Symptoms related to this HSR worsen with continued therapy and can be life-threatening and in rare instance, have been fatal.

Restarting abacavir following an abacavir HSR results in a prompt return of symptoms within hours. This recurrence of the HSR is usually more severe than on initial presentation, and may include lifethreatening hypotension and death. Similar reactions have also occurred infrequently after restarting abacavir in patients who had only one of the key symptoms of hypersensitivity (see above) prior to stopping abacavir; and on very rare occasions have also been seen in patients who have restarted therapy with no preceding symptoms of a HSR (i.e. patients previously considered to be abacavir tolerant).

Metabolic parameters

Weight and levels of blood lipids and glucose may increase during antiretroviral therapy.

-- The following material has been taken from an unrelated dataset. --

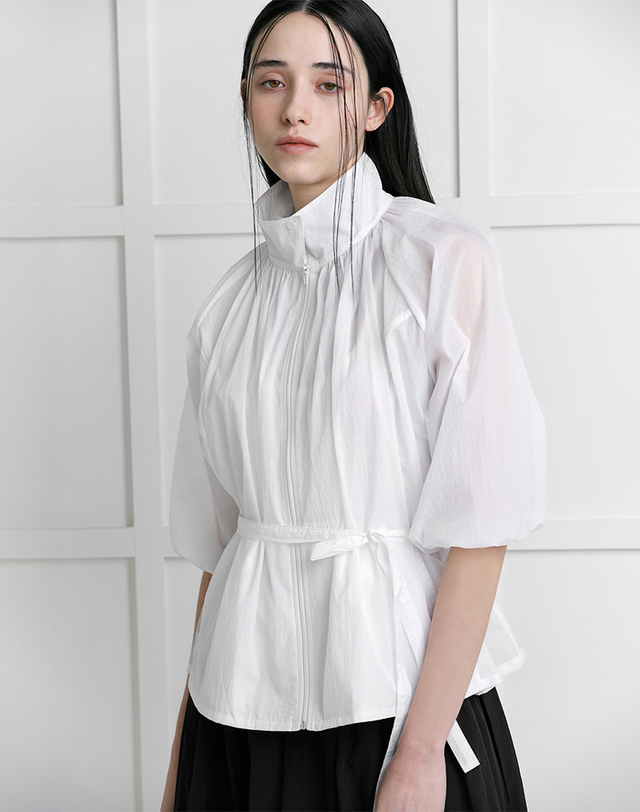 로우타이드 SHEER SHIRRING ZIP UP [WHITE] 흰색 착용컷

Immune reactivation syndrome

In HIV-infected patients with severe immune deficiency at the time of initiation of combination antiretroviral therapy (CART) an inflammatory reaction to asymptomatic or residual opportunistic infections may arise. Autoimmune disorders (such as Graves' disease and autoimmune hepatitis) have also been reported to occur in the setting of immune reactivation; however, the reported time to onset is more variable and these events can occur many months after initiation of treatment.

Osteonecrosis

Cases of osteonecrosis have been reported, particularly in patients with generally acknowledged risk factors, advanced HIV disease or long-term exposure to CART. The frequency of this is unknown.

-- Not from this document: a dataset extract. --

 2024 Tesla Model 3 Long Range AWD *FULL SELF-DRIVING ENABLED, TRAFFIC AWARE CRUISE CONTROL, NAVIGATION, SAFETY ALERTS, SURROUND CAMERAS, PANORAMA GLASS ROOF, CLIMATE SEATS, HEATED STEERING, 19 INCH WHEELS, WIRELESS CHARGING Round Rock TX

Changes in laboratory chemistries

In controlled clinical studies laboratory abnormalities related to abacavir treatment were uncommon, with no differences in incidence observed between abacavir treated patients and the control arms.

Paediatric population

1206 HIV-infected paediatric patients aged 3 months to 17 years were enrolled in the ARROW Trial (COL105677), 669 of whom received abacavir and lamivudine either once or twice daily. No additional safety issues have been identified in paediatric subjects receiving either once or twice daily dosing compared to adults.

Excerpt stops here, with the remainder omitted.